Sommamente abile per nascondersi sotto formule pie o proposizioni generose, ma non forte al punto da resistere ad un serio esame della ragione e della fede, il movimento suscitato da “gli uomini de L’Avenir”, doveva inaugurare quella serie di slogans equivoci sotto il cui segno si è realizzata, di fatto, da oltre un secolo, la secolarizzazione della società e l’apostasia delle nazioni.
ECCESSI DEL «CATTOLICESIMO LIBERALE»
Il 4 agosto del 1845,il Cardinal Bernetti scriveva ad uno dei suoi amici:
“Il nostro giovane clero è imbevuto di dottrine liberali … gli studi seri sono abbandonati … i giovani si preoccupano molto poco di divenire saggi teologi … Sono sacerdoti, ma aspirano a diventare ‘uomini’, ed è inaudito tutto quel che mescolano a questo titolo di ‘uomo’, che usano con un’enfasi ridicola … Ma questa perversione ‘umana’ della gioventù non è ciò che qui più ci preoccupa e tormenta: il nuovo clero è mille volte più infetto del vizio liberale”.
Il male non si trovava solo dall’altra parte delle Alpi.
Anche le chiese di Francia, Germania e Belgio erano infettate. Giovani sacerdoti, nutriti dall’orgoglio alla scuola di Lamennais o di Saint-Simon, avevano l’umile aspirazione … di reggere il mondo, manipolando le Sacre Scritture per estrarne formule rivoluzionarie.
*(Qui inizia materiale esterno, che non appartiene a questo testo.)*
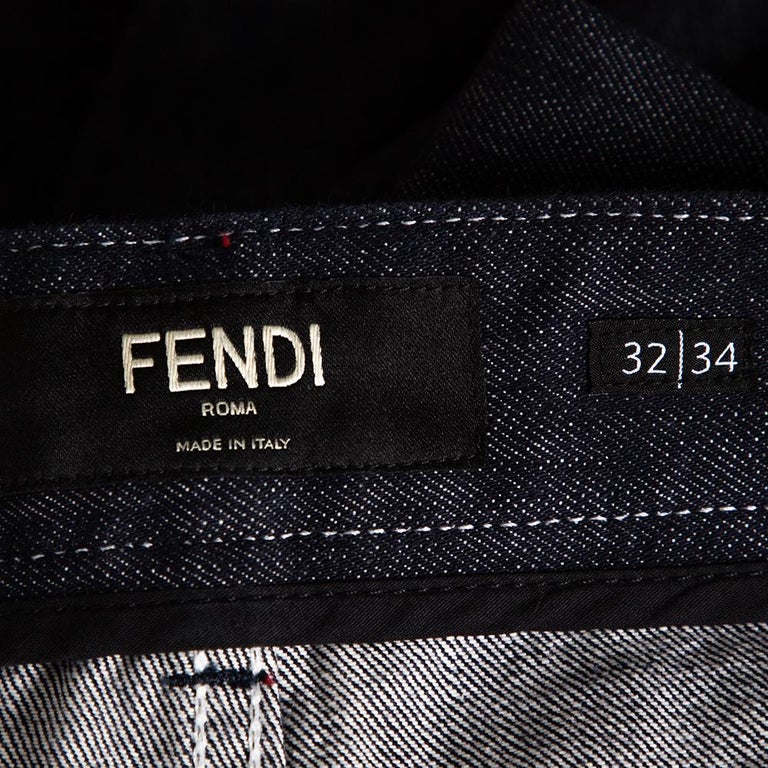 Fendi X Fila Logo Mania Indigo Denim Straight Fit Jeans M at 1stDibs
Ai nostri giorni, è lo stesso metodo utilizzato dai progressisti.
Note
(11) “La sua vita era stata preparata male: nessuna educazione regolare, niente studi guidati da un’autorità gerarchica; una stanza, dei libri, la lettura assidua di tutto ciò che gli capitava in mano, l’abbandono precoce al proprio spirito, alcune settimane di seminario prima di essere ordinato sacerdote … e nient’altro. In verità, in teologia ignorava cose estremamente semplici, come per esempio i fondamenti della distinzione tra la natura e la Grazia. Questi difetti di base della sua formazione intellettuale, lasceranno lacune che non saranno mai colmate … La sua vivacissima intelligenza era viziata non solo per mancanza di flessibilità, ma per non aver mai incontrato nella sua vita un punto d’appoggio capace di sostenerla e guidarla. Era un uomo insicuro da tutti i punti di vista” (Lacordaire).